Ez 18: 19-22 - Mas dizeis: Por que não leva o filho a iniqüidade do pai? Porque o filho fez o que era reto e justo, e guardou todos os meus estatutos, e os praticou, por isso, certamente, viverá. A alma que pecar, essa morrerá; o filho não levará a iniqüidade do pai, nem o pai, a iniqüidade do filho; a justiça do justo ficará sobre ele, e a perversidade do perverso cairá sobre este. Mas, se o perverso se converter de todos os pecados que cometeu, e guardar todos os meus estatutos, e fizer o que é reto e justo, certamente, viverá; não será morto. De todas as transgressões que cometeu não haverá lembrança contra ele; pela justiça que praticou, viverá.


É meu amigo, cada um responde por si próprio perante o Eterno. Não adianta dizer que seu pai é Rosh, que sua mãe é uma Eshet Chayil, ou seja lá o que você quiser usar como desculpas.


Arão perdeu dois filhos, por oferecerem um incenso que HaShem não havia pedido.

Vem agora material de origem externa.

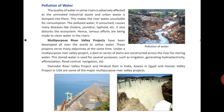Next, water pollution. The quality of water in some rivers is adversely affected as untreated industrial and urban waste is dumped into them, making the water of these rivers unfit for human consumption. If we consume this polluted water, it causes many diseases like cholera, jaundice, and typhoid. Hence, serious efforts are being made to clean these rivers by government and non-government organizations. For example, the Clean Ganga campaign was started by the Government of India to clean the water of the river Ganga.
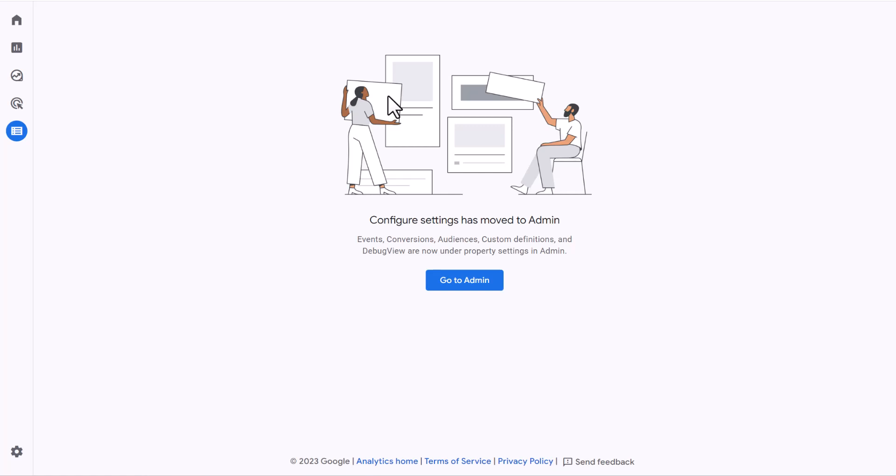In the previous video we learned how to set up a custom conversion that tracks lead form submissions. Now the issue is that every time someone starts a conversion, regardless of whether it's their first time or not, Google Analytics will show that to us as a conversion. In this video we're going to learn how to avoid that.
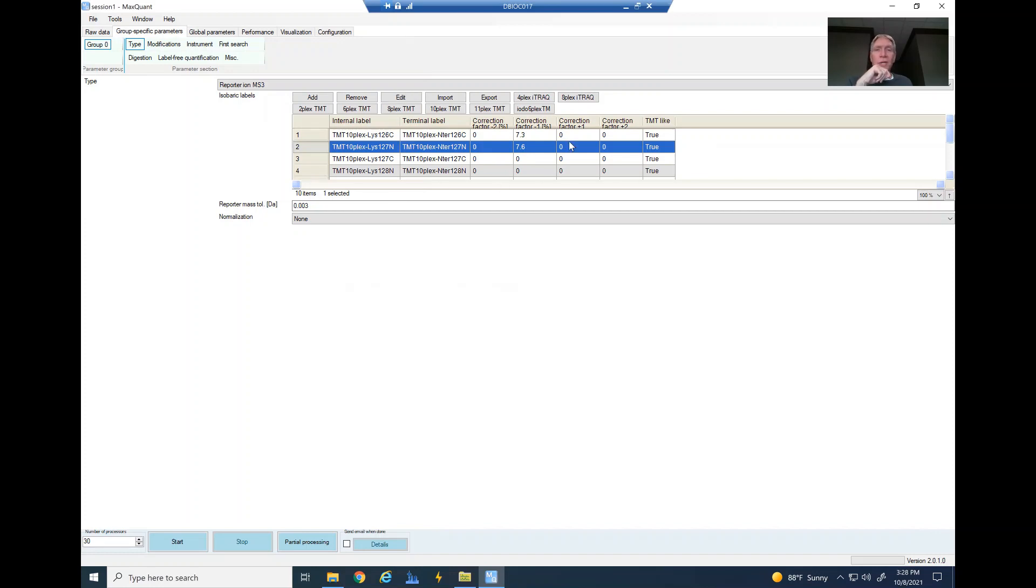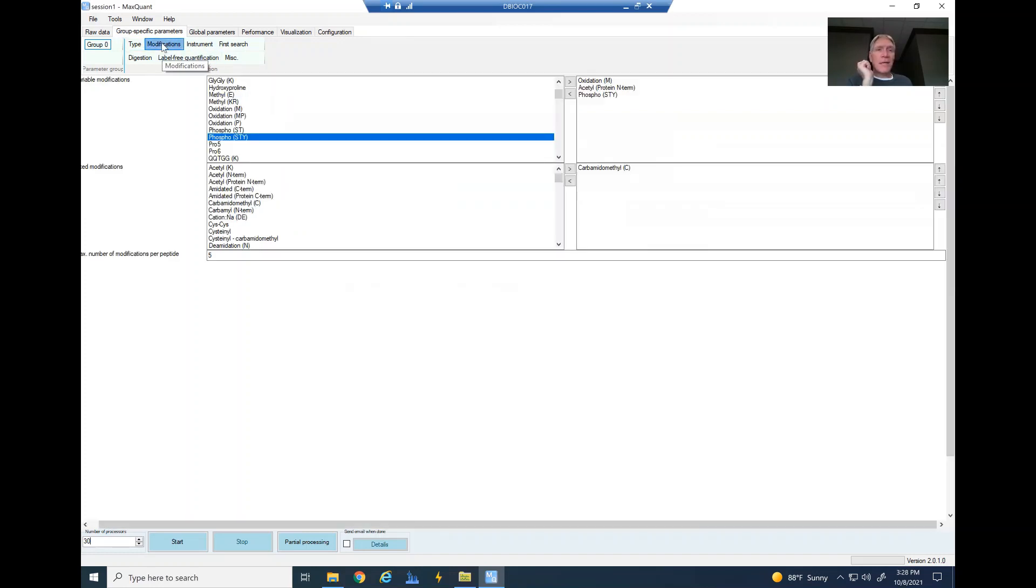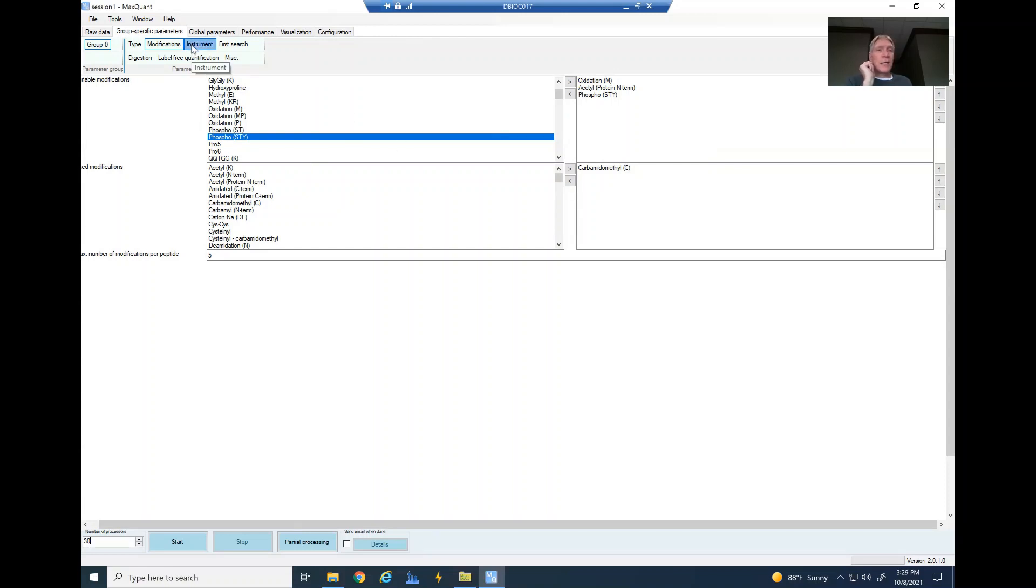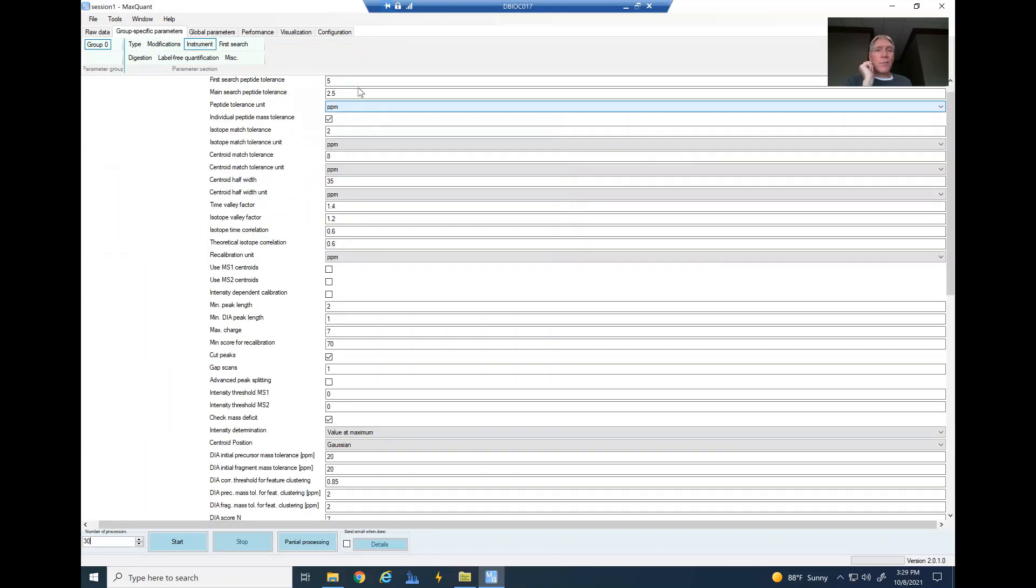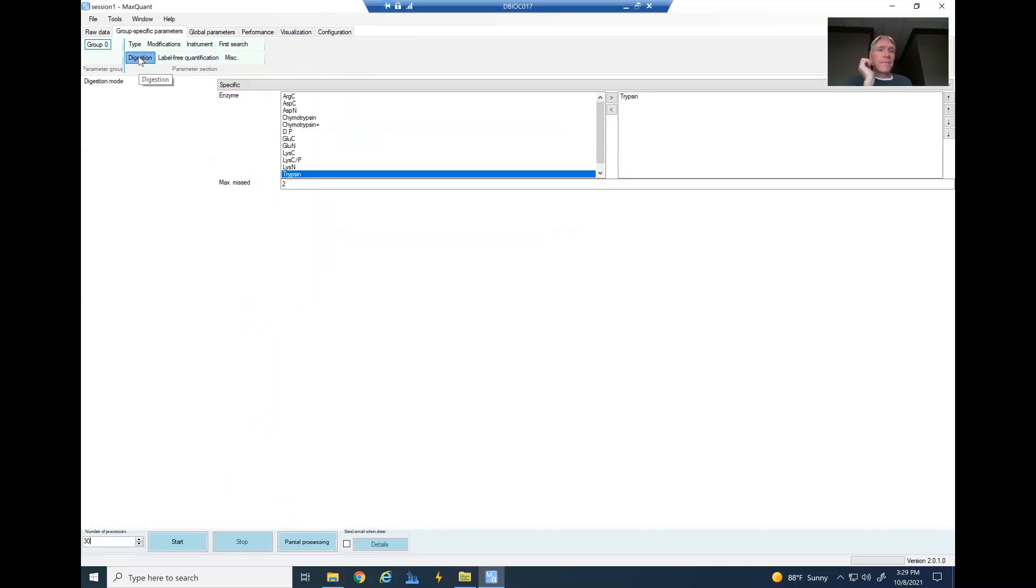Go to modifications—you can see that I've included my phospho with my other modifications. Instruments—I went ahead and changed those two things that I talked about. You don't have to; that's just what we do here. Digestion—changed it to trypsin here. You might be doing LysC or something else.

Nem o sumo-sacerdote e nem Noshe foram capazes de salvar Nadabe e Abiú da morte.

Muitos anos mais tarde, o sacerdote Eli também tinha maus filhos, (Leia 1 Sm 2:12) e por mais que alertasse, seus filhos faziam o que era mal perante os olhos do Eterno. Quando soube da morte dos filhos, o próprio sacerdote, caiu da cadeira e morreu. (1 Sm 4).

Com Jó, a Bíblia relata que depois dos banquetes oferecidos por seus filhos, ele mesmo oferecia holocaustos, por causa da eventualidade de eles terem pecado... Nada adianta isso!


Cada um deve ser responsável por sua própria vida. Devemos cuidar de nós mesmos, pra ninguém chorar depois. Nadabe e Abiú não morreram em vão. A morte dele serviu pra nos mostrar mais uma vez que HaShem não faz distinção de pessoas. Portanto, cuide bem da sua vida! Cuide bem da sua coroa! Pra depois ninguém ficar chorando sobre o leite derramado.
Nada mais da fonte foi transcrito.